PhD defence by Morten Nørgaard Larsen – Niels Bohr Institute - University of Copenhagen

Niels Bohr Institute > Calendar > Activities 2013 > PhD defence by Morten ...

PhD defence by Morten Nørgaard Larsen

Parallel Libraries to support High-Level Programming


The development of computer architectures during the last ten years has forced programmers to move towards writing parallel programs instead of sequential ones. The homogenous multi-core architectures from the major CPU producers like Intel and AMD has led this trend, but the introduction of the more exotic - though short-lived - heterogeneous CELL Broadband Engine (CELL-BE) architecture contributed to this shift. Furthermore, the use of cluster computers made of commodity hardware and specialized supercomputers has greatly increased in both industry as well as in the academic world.  Finally, the general increase in the use of graphic cards for general-purpose programming (GPGPUs) have meant that programmers today must be able to write parallel programs that do not just utilize small number computational cores but perhaps hundreds or even thousands. However, most programmers will agree that doing so is not a simple task and, for many non-computer scientists, like chemists and physicists writing programs for simulating their experiments, the task can easily become overwhelming.

During recent decades, a lot of research effort has been put into how to create tools that will simplify writing parallel programs by raising the abstraction level so that programmers can focus on implementing their algorithms and not on the details of the underlying hardware. The outcome of this has ranged from ideas on automating the parallelization of sequential programs to presenting a cluster of machines as if they were a single machine. In between are a number of tools to help programmers to handle communication, share data, run loops in parallel, and handle algorithms mining huge amounts of data, etc. Even though most of them do a good job performance-wise, almost all of them require that programmers learn a new programming language, or at least force them to learn new methods and/or ways of writing code.
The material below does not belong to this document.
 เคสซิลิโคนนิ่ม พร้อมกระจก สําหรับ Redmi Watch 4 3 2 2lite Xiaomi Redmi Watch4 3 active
For the first part, this thesis will focus on simplifying the task of writing parallel programs for programmers, especially for large groups of non-computer scientists. I will begin by presenting an extension based on Communicating Sequential Processes (CSP) for a distributed shared memory (DSM) system for the CELL-BE. This extension consists of a channel model and a thread library for the CELL's specialized computational units, enabling them to run multiple (CSP) processes. Overall, the CSP model requires the programmer to think a bit differently, but at the same time the implemented algorithms will perform very well, as shown by the initial tests presented.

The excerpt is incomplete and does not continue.